Computing principal angles between two subspaces uses LAPACK SVD to calculate the principal angles.
Computing principal angles between invariant subspaces of block triangular matrices extends the use of LAPACK SVD to the case where the subspaces are invariant subspaces of a block triangular matrix and are complementary to each other.
Fast Fourier Transform recipes
Evaluating a Fourier Integral uses oneMKL Fast Fourier Transform (FFT) interface to evaluate a continuous Fourier transform integral.
Using Fast Fourier Transforms for computer tomography image reconstruction uses oneMKL FFT interface to reconstruct an image from computer tomography data.
Noise filtering in financial market data streams uses oneMKL summary statistics routines for computing a correlation matrix for streaming data.

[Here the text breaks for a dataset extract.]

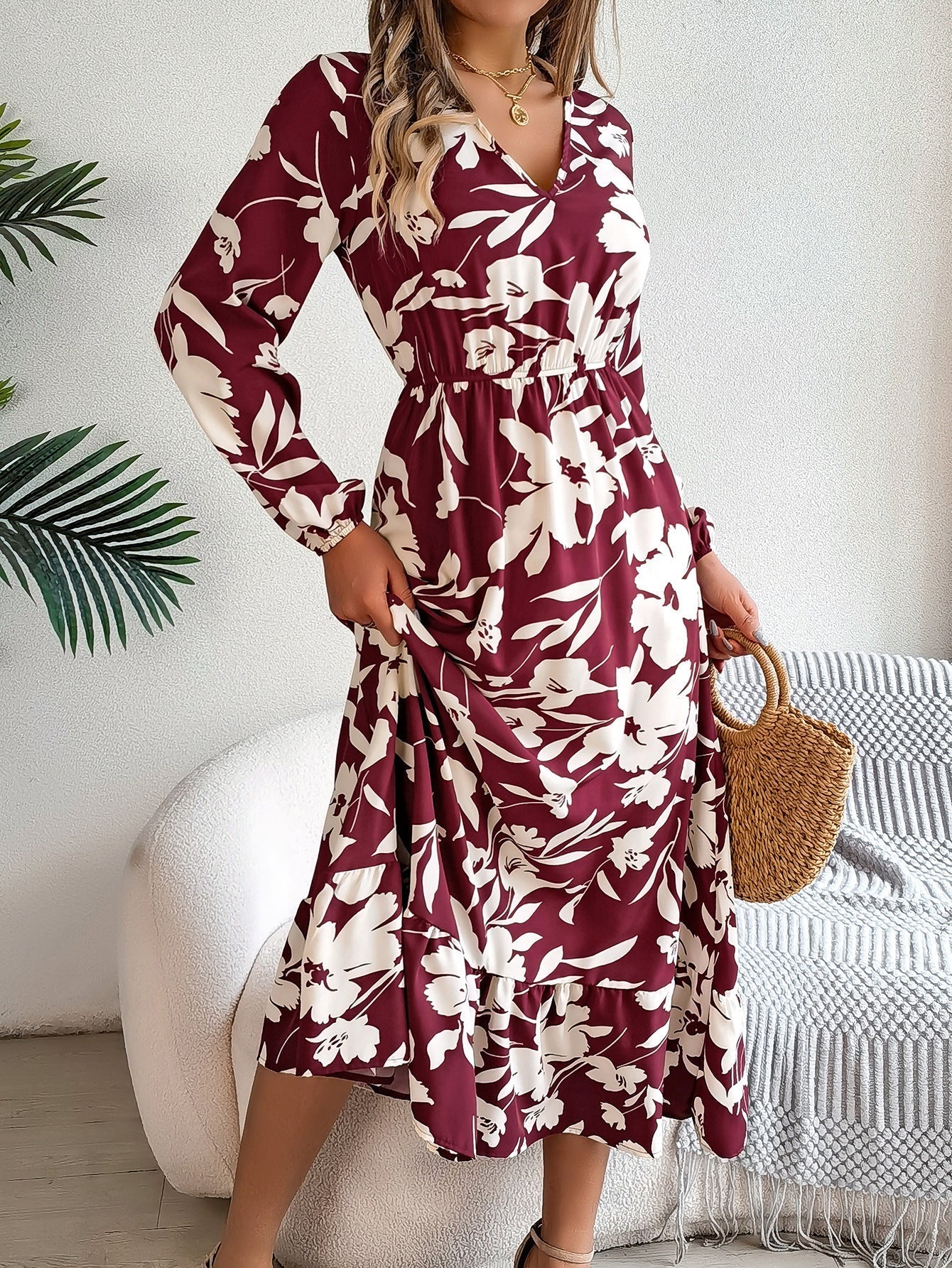 Variant image for Dam Kjol Hög Midja Blommig Chiffon-9
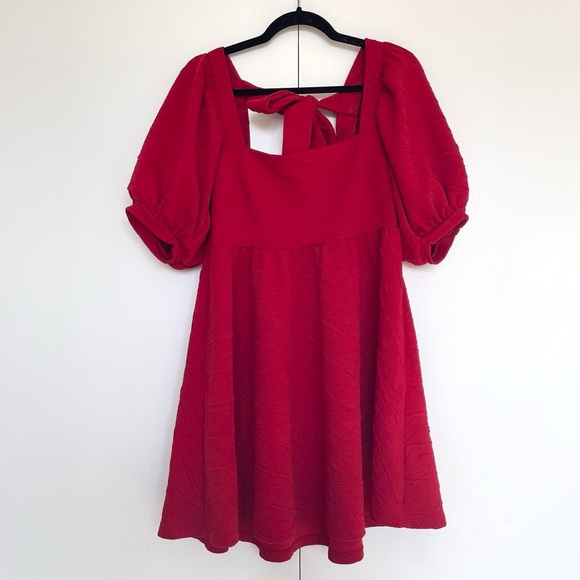 Free People | Red textured puff sleeve bow open back square neck mini dress | S - Picture 2 of 5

Using the Monte Carlo method for simulating European options pricing computes call and put European option prices with an oneMKL basic random number generator (BRNG).
Using the Black-Scholes formula for European options pricing speeds up Black-Scholes computation of European options pricing with oneMKL vector math functions.
Multiple simple random sampling without replacement generates K simple random length-M samples without replacement from a population of size N for a large K.
Using a histospline technique to scale images uses oneMKL data fitting functions for image scaling and spline interpolation for histospline computation.
Recipes for using oneMKL in different programming environments
Speeding up Python* scientific computations demonstrates a performance boost of Python code by building NumPy* and SciPy* sources with oneMKL and enabling oneMKL Automatic Offload.
Code examples in the cookbook are provided in Fortran for some recipes and in C for other recipes.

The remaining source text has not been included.